Günaydın Kozmos,

Bu yepyeni bir başlangıç olsun...

Bu Blogda Ara

26 Ocak 2012 Perşembe

insan ırkı hakkında

Geldiler, yeni kaynak arayışıyla masalsı gezegene. Kendi dünyalarını yoketmişlerdi. Tüm güzellikleri görmezden gelip sadece madenlere diktiler gözlerini. Yerli halkı asimile etmeye kalktılar, kendi doğruları mutlaktı çünkü. Deneyler yapmaya başladılar. Açgözlülüklerini gizlemek için ikiyüzlülüklerini ortaya koydular. Halkı, yıllardır yaşadıkları bölgeden uzaklaştırmaya ikna edebilselerdi hiçbir sorun çıkmayacaktı. Dolayısıyla saldırıya geçtiler. Ama “insanca, çok insanca” bir saldırıydı düşündükleri. “İlkelleri” gaz bombasıyla uzaklaştırıp topraklarını ele geçireceklerdi sadece.

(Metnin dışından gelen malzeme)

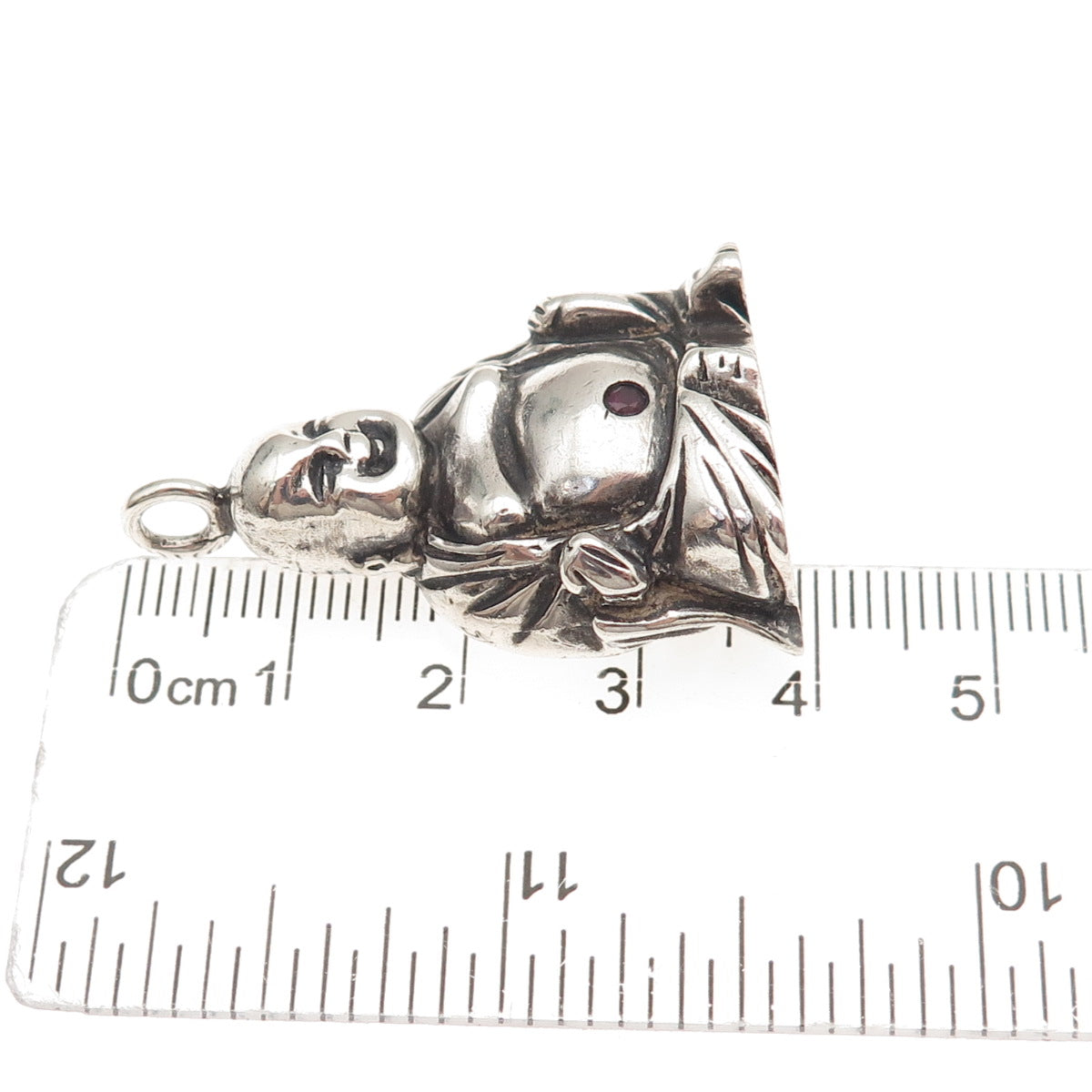 925 Sterling Silver Vintage Real Ruby Laughing Buddha Oxidized 3D Pendant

Gezegenlerindeki her varlığa saygı duyan ve barış içinde yaşayan o ruhani topluluk, kutsal saydıkları topraklarından çıkmak istemedi doğal olarak. Ve kendi nitelemesiyle “insanca” saldıran insan ırkı, işgal ettiği bölgenin halkını terörist ilan etti. Teröre ancak terörle karşılık verilebilirdi.

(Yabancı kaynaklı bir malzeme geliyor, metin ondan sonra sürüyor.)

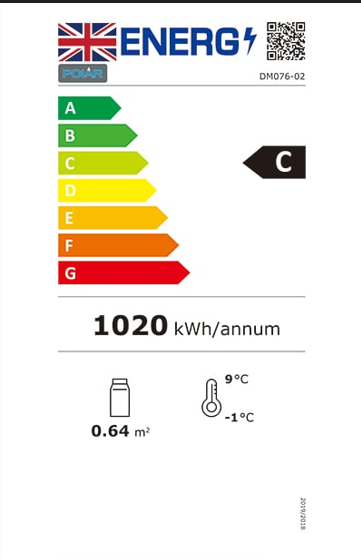 G-Series DM076 368 Ltr Upright Single Glass Door White Display Fridge With Canopy Energy Rating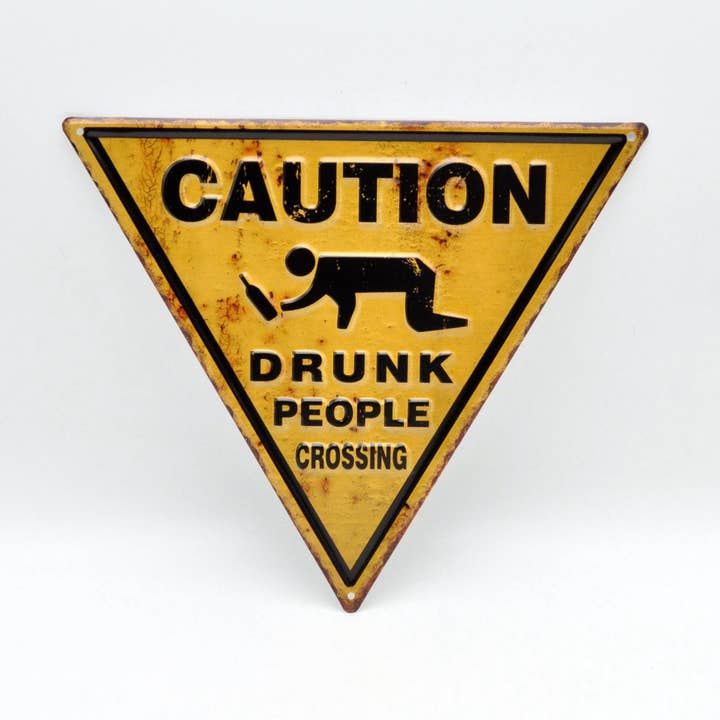 Berusede mennesker, der krydser advarselsskilt - 13*12 I for engroshandel hos inVintage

Olağanüstü toprakların bir bölümünün içine ettikten sonra gezegenden hamamböcekleri gibi püskürtüldüler. İşte o an, benim yaşasın çığlıkları attığım andı.

Evet, “Avatar”dan bahsediyorum. İnsanlık tarihi iki buçuk saatte bu kadar güzel özetlenebilir mi? Aslında insan ırkının mantalitesinin neden olduğu “vahşetin tarihi” demek istiyorum. İşte, James Cameron’un dehasını ortaya koyan yapım.

Irkımın “insanlığı” nedeniyle yarattığı sonuçlardan nefret ediyorum. Ama insan zekasına hayran olmamak da elimden gelmiyor. Yine de insan ırkının karşısında hangi tür olursa olsun, ben onlardan yana olacağım!

ego üzerine: insanlık üzerine

İnsanları gözlemliyoruz hepimiz. Her daim burnumuzun dibindeler çünkü, tatmin edilmemiş duygularıyla. İnsanlık böyle birşey, egolardan ibaret. Mütevazi ve sevimli görünmeye çalışarak sadece ve sadece kendi istekleri, ihtiyaçlarını bize diretmeye çalışıyorlar. Dönüp kendilerine bakmıyorlar, oto-kontrolleri işlemiyor. Egolar öyle yükseklerde geziniyor ki, sadece kendilerini doğru eylemciler sanıyorlar. Onlardan öncesi ve sonrası yok.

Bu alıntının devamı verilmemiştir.